A French-led military intervention in January drove al Qaeda-linked fighters from northern towns, and Malians elected President Ibrahim Boubacar Keita in an August runoff.
Completion of the parliamentary vote should unlock $3.25 billion pledged by donors to rebuild the impoverished country and develop its lawless desert north.
The first round last month was marred by abuses, however, including ballot box theft, though observers later said the incidents had no effect on the outcome.
No such violence was reported during Sunday’s vote but turnout remained poor, with many polling stations seeing only a trickle of voters.
“I’ve just gone around to visit polling stations and I’ll admit that I’m worried by this situation,” said Aliou Dao, who voted in the riverside capital Bamako. “What has happened that’s made Malians refuse to vote?”
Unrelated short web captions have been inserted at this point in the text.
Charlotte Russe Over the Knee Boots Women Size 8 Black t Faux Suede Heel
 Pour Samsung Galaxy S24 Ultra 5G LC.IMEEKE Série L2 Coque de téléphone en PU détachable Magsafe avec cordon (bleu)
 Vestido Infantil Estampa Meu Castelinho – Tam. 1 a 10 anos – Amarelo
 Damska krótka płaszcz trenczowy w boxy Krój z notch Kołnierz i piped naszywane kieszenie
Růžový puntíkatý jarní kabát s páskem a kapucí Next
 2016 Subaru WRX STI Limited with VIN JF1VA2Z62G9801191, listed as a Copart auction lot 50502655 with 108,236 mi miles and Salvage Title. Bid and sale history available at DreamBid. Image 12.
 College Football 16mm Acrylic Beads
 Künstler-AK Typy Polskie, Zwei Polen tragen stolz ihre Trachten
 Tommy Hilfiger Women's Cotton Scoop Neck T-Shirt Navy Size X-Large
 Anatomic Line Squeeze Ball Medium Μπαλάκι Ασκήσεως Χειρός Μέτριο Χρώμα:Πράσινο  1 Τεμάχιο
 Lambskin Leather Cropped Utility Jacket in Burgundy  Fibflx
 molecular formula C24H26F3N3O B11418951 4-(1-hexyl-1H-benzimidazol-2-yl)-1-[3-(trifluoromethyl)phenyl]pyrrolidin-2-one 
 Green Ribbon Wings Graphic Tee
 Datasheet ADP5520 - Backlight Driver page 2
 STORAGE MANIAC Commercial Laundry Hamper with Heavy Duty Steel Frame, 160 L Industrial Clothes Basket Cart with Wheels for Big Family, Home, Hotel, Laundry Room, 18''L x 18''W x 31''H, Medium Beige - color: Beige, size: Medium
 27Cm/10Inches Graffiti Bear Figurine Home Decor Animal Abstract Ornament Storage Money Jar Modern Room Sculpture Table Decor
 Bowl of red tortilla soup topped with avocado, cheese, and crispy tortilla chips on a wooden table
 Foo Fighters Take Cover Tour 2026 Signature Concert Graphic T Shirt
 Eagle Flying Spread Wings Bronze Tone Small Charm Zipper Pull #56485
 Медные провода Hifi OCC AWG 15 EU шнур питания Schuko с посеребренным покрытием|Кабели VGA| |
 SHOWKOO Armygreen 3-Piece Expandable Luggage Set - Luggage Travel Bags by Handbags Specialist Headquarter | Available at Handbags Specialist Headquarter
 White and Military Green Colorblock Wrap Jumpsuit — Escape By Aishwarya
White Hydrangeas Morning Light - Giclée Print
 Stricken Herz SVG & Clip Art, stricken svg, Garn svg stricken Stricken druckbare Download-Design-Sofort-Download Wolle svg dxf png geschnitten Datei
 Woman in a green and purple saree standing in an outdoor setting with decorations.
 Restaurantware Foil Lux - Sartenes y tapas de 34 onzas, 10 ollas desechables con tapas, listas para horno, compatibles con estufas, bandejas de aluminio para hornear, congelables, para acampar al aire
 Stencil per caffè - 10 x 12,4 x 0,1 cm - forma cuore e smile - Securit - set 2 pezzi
Turnout for the November vote was just 38.5 percent, against the record 49 percent of 6.8 million registered voters who cast ballots in the first round of the presidential election in July.
“The ballot counting will start now,” Lassana Coulibaly, an election worker at a polling station in Bamako’s Banankabougou neighborhood, said soon after voting ended at 6 p.m. (1800 GMT). “For us it will be quick, since we only had 82 voters.”
The majority of the 147 seats in parliament remained up for grabs on Sunday after candidates won just 20 decisive victories in the first round last month.
“From what I’ve observed it’s within the norms. It’s going well,” Louis Michel, the head of the European Union’s observer mission, told state television.
“Obviously it’s good when participation is high, but what’s important is that voters were able to vote,” he said.
Despite some discontent in southern Mali with his peace overtures to northern Tuareg separatist rebels, Keita’s RPM party is expected to win the election. Universally known by his initials IBK, Keita swept the August 11 presidential runoff with 78 percent of the vote.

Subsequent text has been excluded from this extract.